To do: Print only the lines below from the one with "Agro Tohum Ata" to the one with "Il Fontolo Vila", both included, exactly as they stand. Leave pictures out.

Dataset records:
----------------------------------------
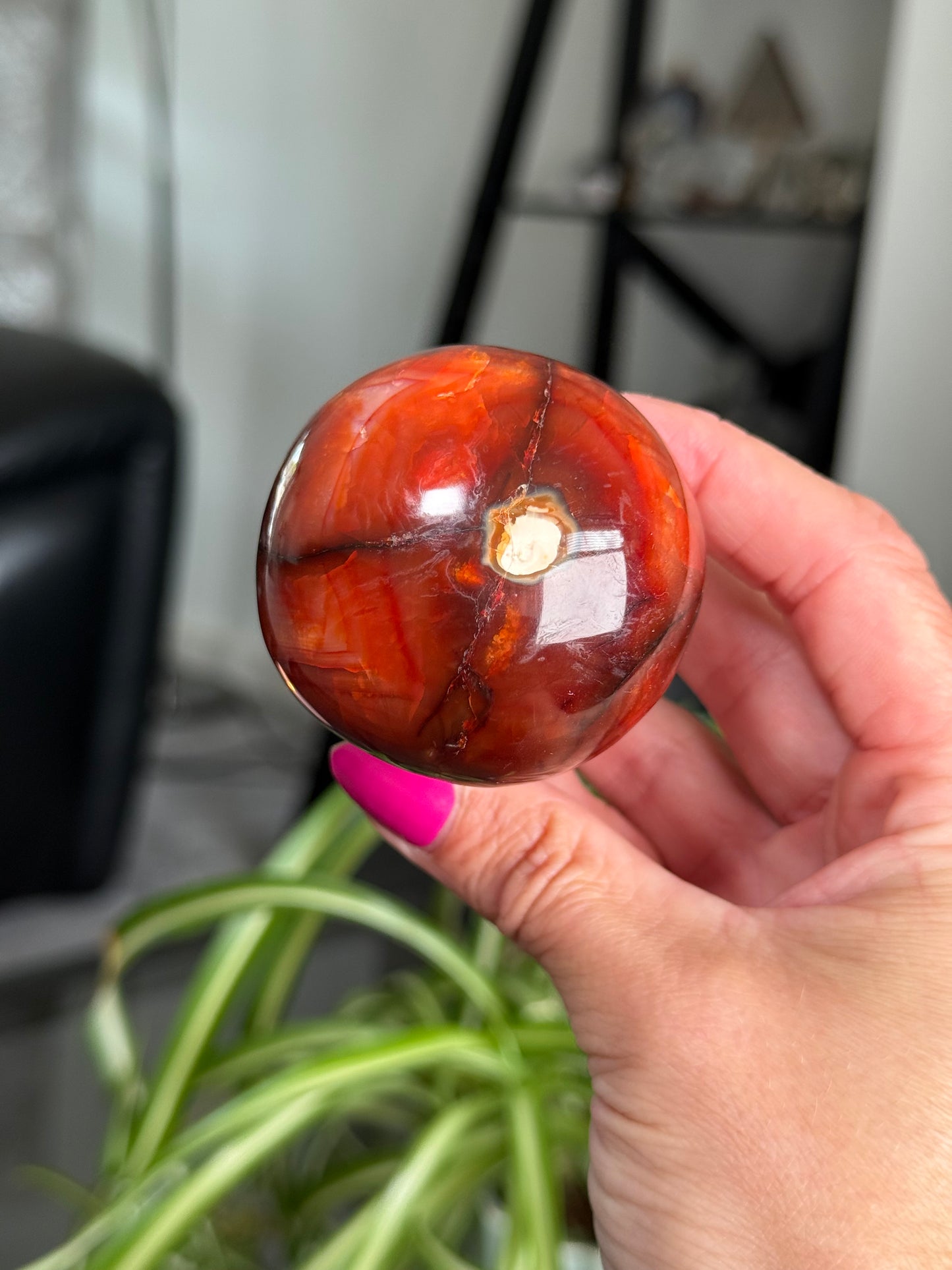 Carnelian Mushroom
----------------------------------------
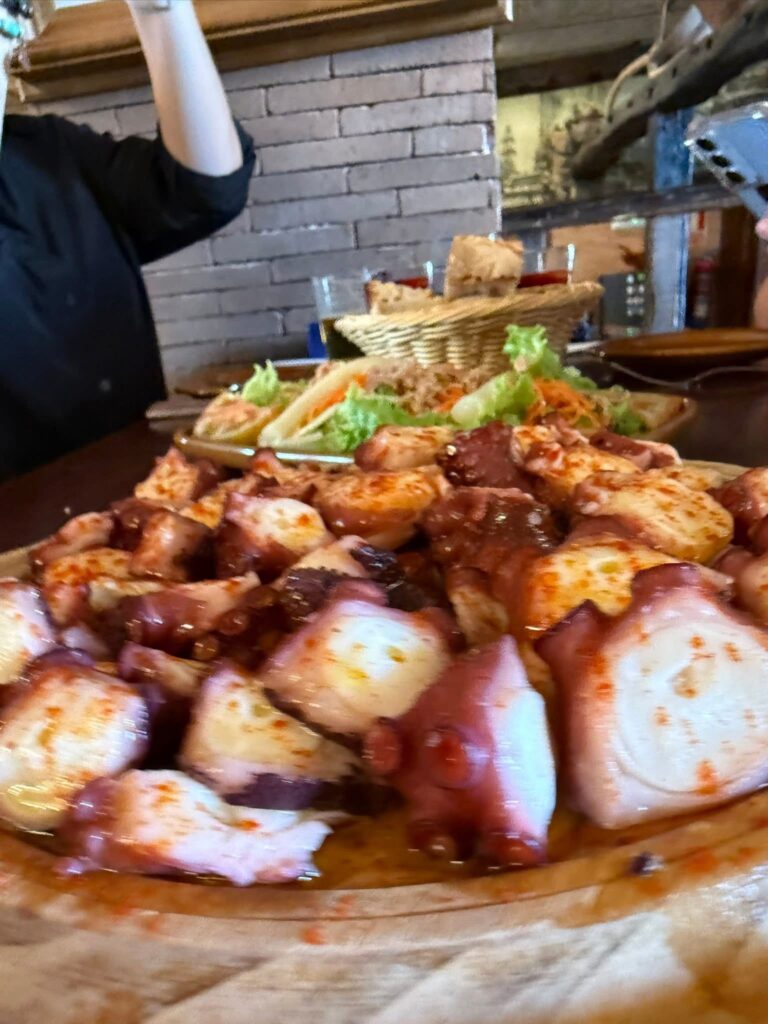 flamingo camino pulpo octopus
----------------------------------------
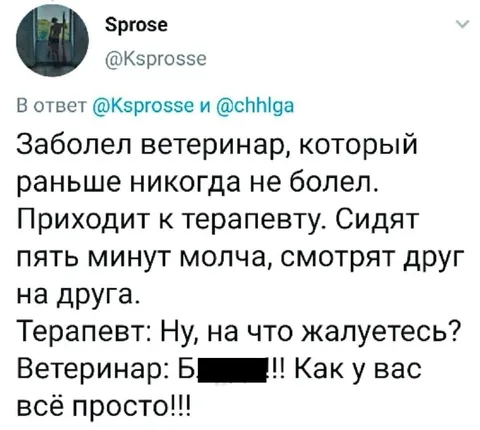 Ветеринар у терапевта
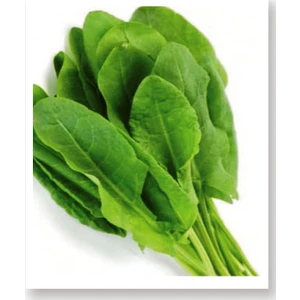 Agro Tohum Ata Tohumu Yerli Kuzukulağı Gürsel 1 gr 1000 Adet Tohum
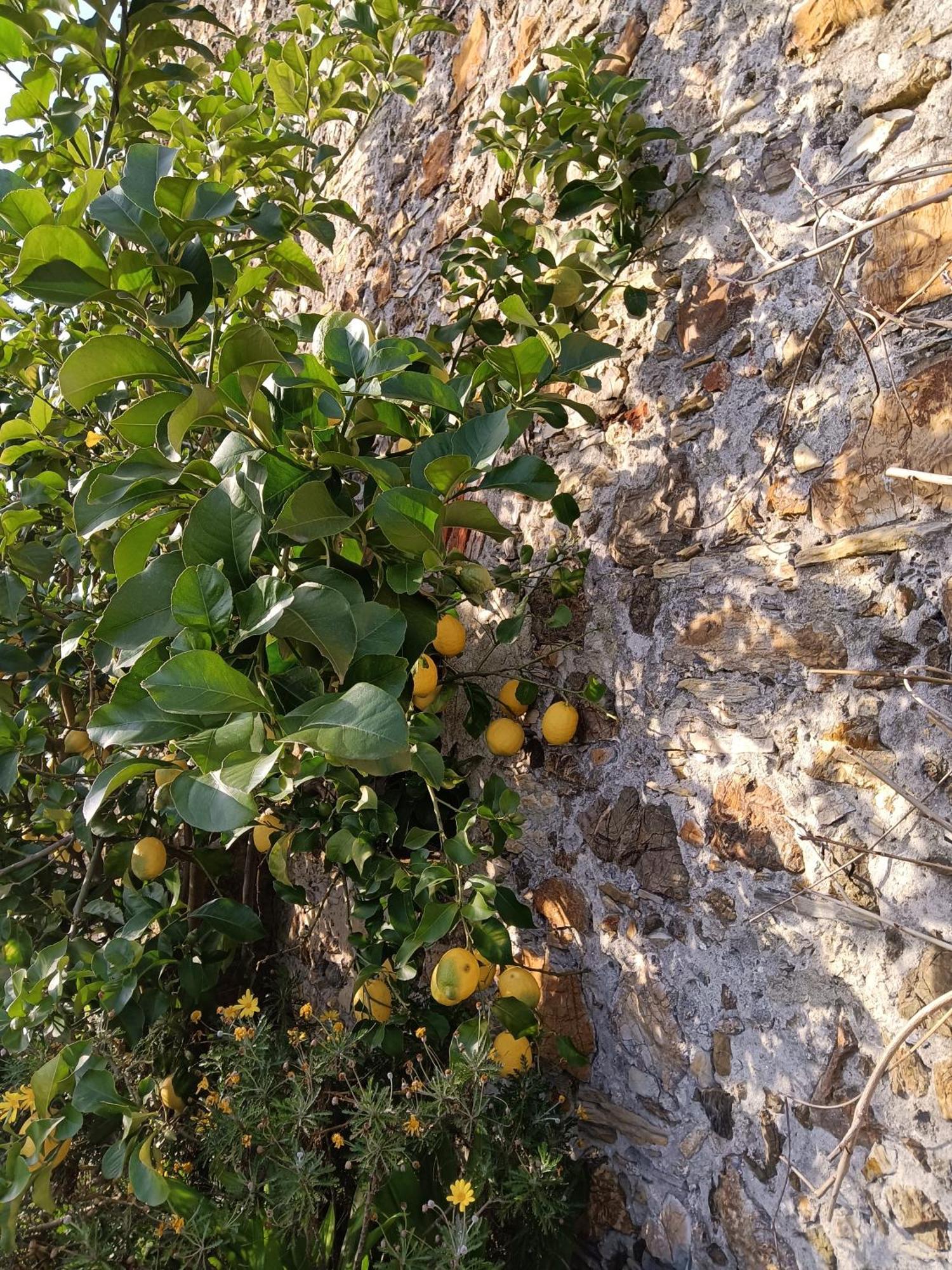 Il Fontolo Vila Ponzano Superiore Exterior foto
----------------------------------------
Result:
 Agro Tohum Ata Tohumu Yerli Kuzukulağı Gürsel 1 gr 1000 Adet Tohum
 Il Fontolo Vila Ponzano Superiore Exterior foto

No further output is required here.